Esse processo está sendo acelerado intensamente sob a administração Trump através de seu amplo corte de impostos para os ricos à custa da maioria da população.

Yellen está sendo substituída pelo atual diretor do Fed, Jerome Powell, que combina o apoio de Yellen por dinheiro fácil com o apoio para o desmantelamento das restrições modestas sobre as práticas de Wall Street impostas após a quebra financeira de Setembro de 2008.

A lógica objetiva implacável do parasitismo financeiro, que domina cada vez mais não apenas os Estados Unidos, mas toda a economia capitalista mundial, pode ser vista na proposta atual de cortes de impostos. Os defensores mais clamorosos do plano de corte de impostos, ao invés de estarem preocupados por suas consequências para a dívida governamental dos EUA, saúdam seus efeitos porque qualquer crise no orçamento alimentará o avanço por mais cortes de gastos sociais.

Yellen fala por facções da elite dominante que estão mais conscientes do perigo da orgia de enriquecimento financeiro intensificar a luta de classes.

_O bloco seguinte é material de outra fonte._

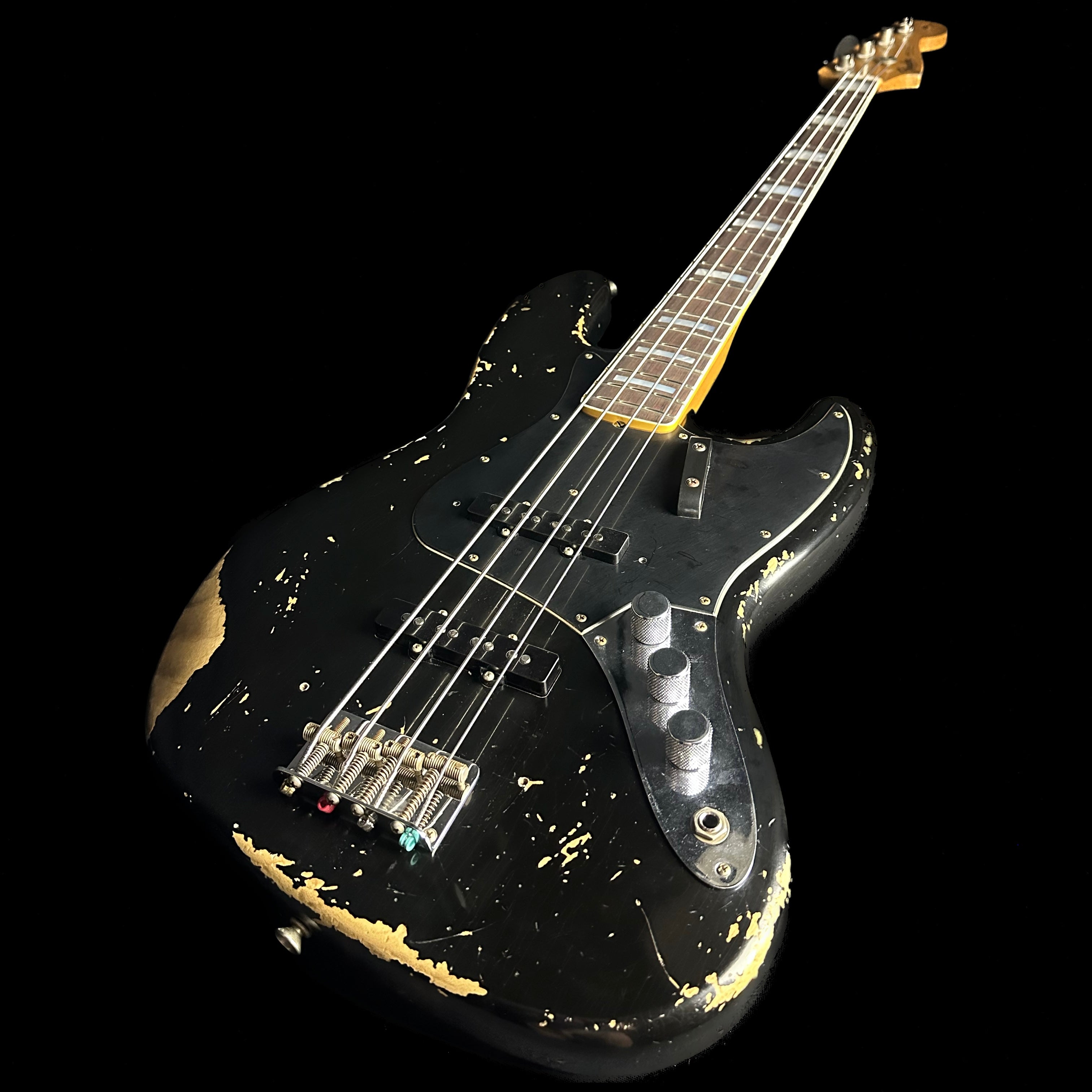 Fender Custom Shop Limited Edition Custom Jazz Bass Heavy Relic Aged B –  Tone Shop Guitars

Em suas declarações ao Congresso, Yellen fez uma referência elíptica à esse perigo para a classe dominante, apontando para as tendências “perturbadoras” de desigualdade de renda. Entretanto, não há nada que Yellen ou qualquer outro representante da classe dominante possa fazer para impedir que isso aconteça, uma vez que o acúmulo de extraordinária riqueza de um lado e o acúmulo da pobreza, miséria e degradação do outro não é fundamentalmente o resultado de decisões políticas que podem ser revertidas de algum modo. Na verdade, é o crescimento perverso de uma ordem socioeconômica em crise terminal.

Não se trata de propor uma saída inútil para essa crise que tente reformar os sistema capitalista baseado no lucro privado, mas lutar para que a classe trabalhadora derrube-o.

Os trabalhadores enfrentam a tarefa histórica de lutar pelo poder político para tomar o comando da economia – as grandes corporações e o sistema financeiro – e colocá-lo sob propriedade pública e controle democrático, utilizando a vasta riqueza que a própria classe trabalhadora criou para satisfazer suas necessidades sociais.